* **What needs to be done**: Set down all of the records below exactly, please, omitting the images.

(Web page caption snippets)
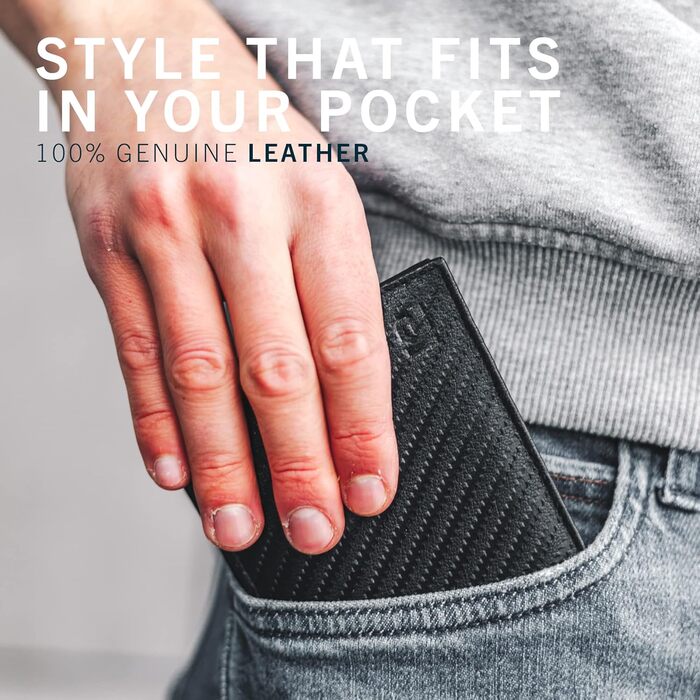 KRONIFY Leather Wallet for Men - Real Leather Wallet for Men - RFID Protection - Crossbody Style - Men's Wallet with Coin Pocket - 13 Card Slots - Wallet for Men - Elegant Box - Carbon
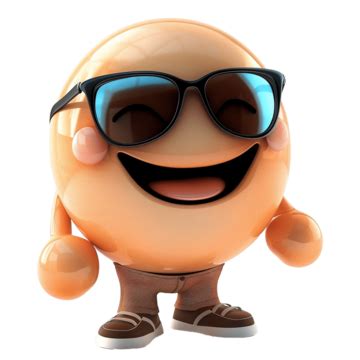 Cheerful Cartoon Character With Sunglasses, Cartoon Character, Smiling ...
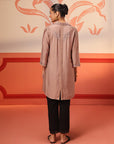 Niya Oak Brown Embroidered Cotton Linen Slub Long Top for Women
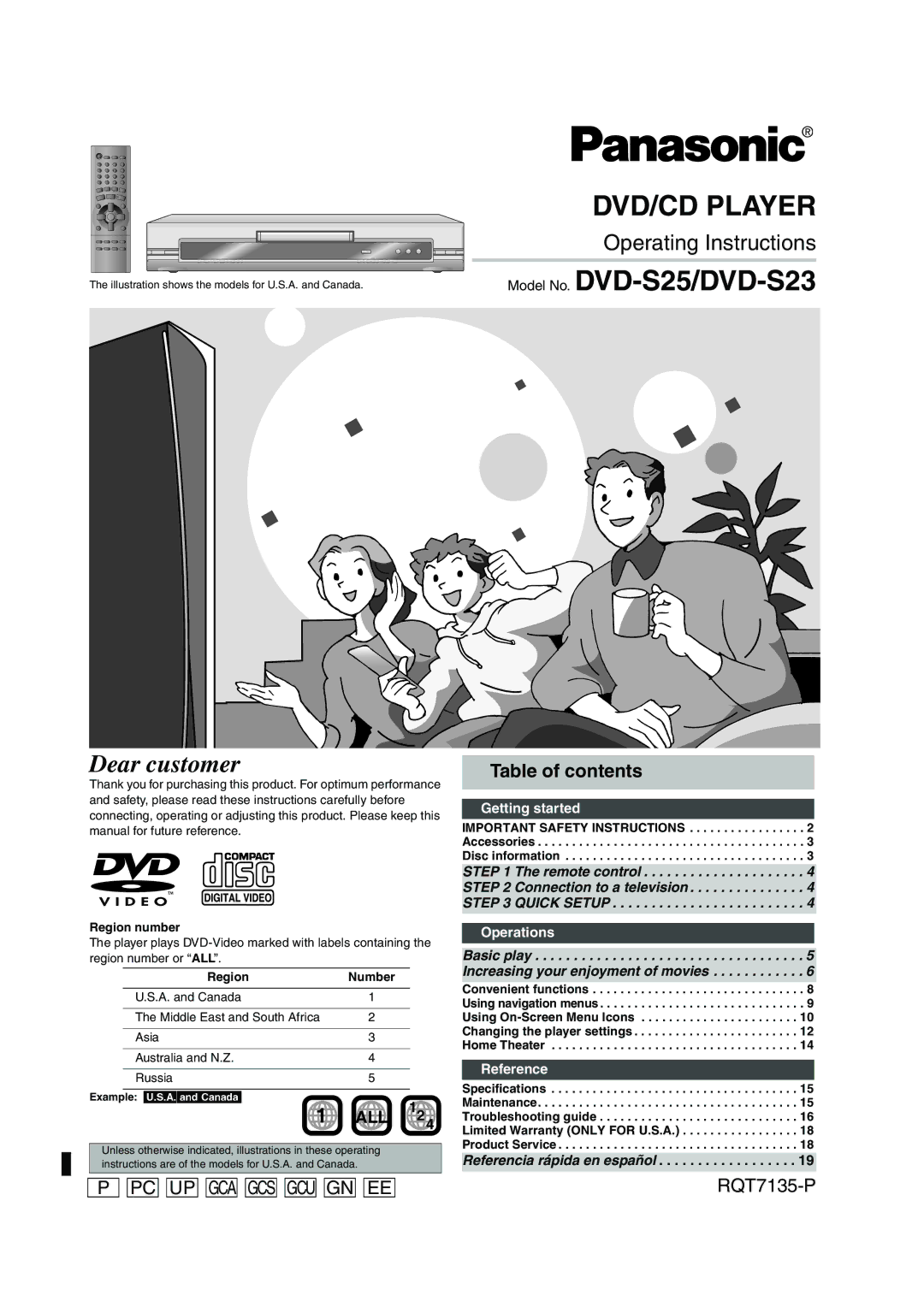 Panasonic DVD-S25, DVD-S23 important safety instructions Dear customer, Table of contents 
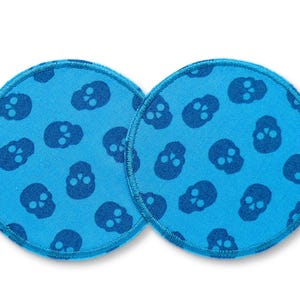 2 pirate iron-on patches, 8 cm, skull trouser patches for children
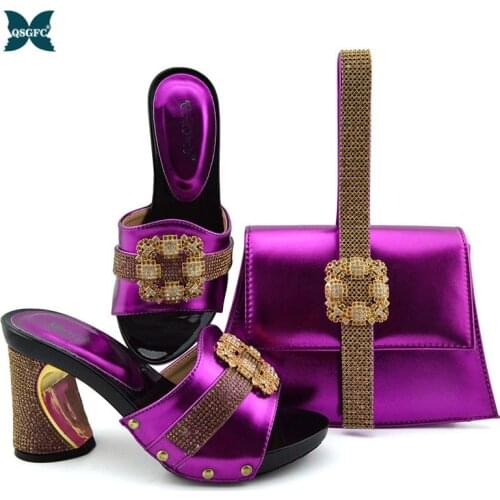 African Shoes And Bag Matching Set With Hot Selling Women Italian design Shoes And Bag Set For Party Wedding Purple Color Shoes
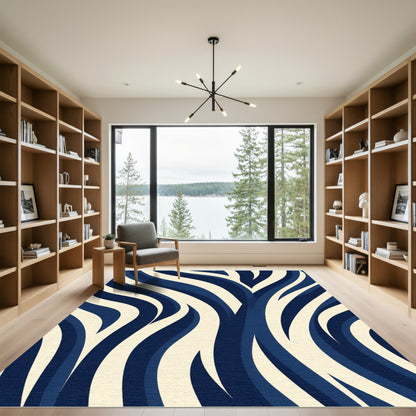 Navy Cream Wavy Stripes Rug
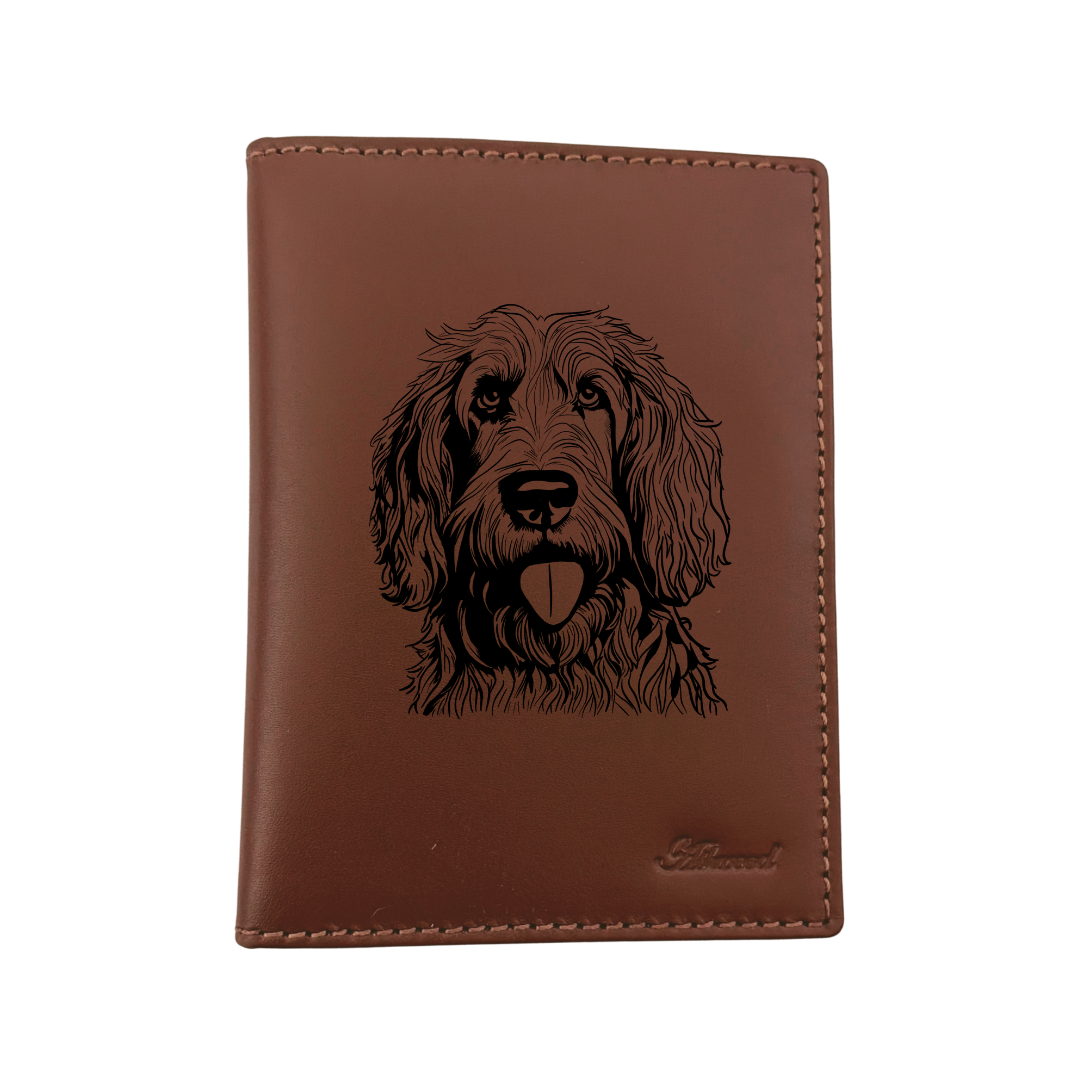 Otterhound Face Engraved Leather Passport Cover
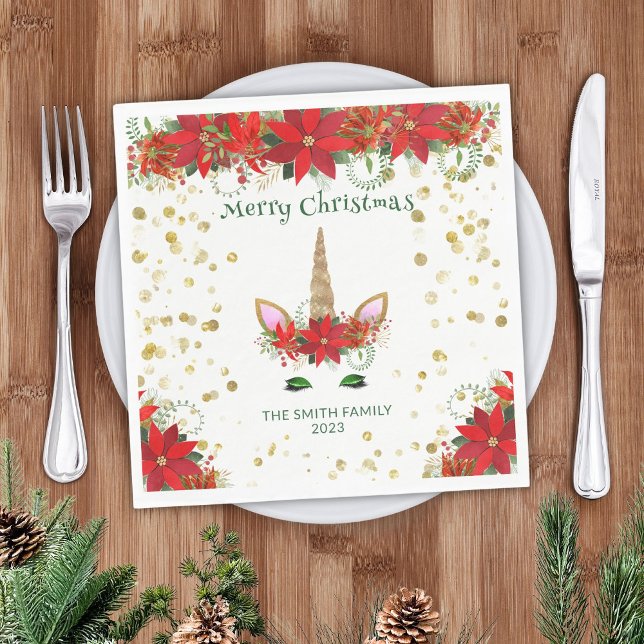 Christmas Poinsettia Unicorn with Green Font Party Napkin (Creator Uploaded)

* **Your response**:
 KRONIFY Leather Wallet for Men - Real Leather Wallet for Men - RFID Protection - Crossbody Style - Men's Wallet with Coin Pocket - 13 Card Slots - Wallet for Men - Elegant Box - Carbon
 Cheerful Cartoon Character With Sunglasses, Cartoon Character, Smiling ...
 Niya Oak Brown Embroidered Cotton Linen Slub Long Top for Women
 Panasonic DVD-S25, DVD-S23 important safety instructions Dear customer, Table of contents 
 2 pirate iron-on patches, 8 cm, skull trouser patches for children
 African Shoes And Bag Matching Set With Hot Selling Women Italian design Shoes And Bag Set For Party Wedding Purple Color Shoes
 Navy Cream Wavy Stripes Rug
 Otterhound Face Engraved Leather Passport Cover
 Christmas Poinsettia Unicorn with Green Font Party Napkin (Creator Uploaded)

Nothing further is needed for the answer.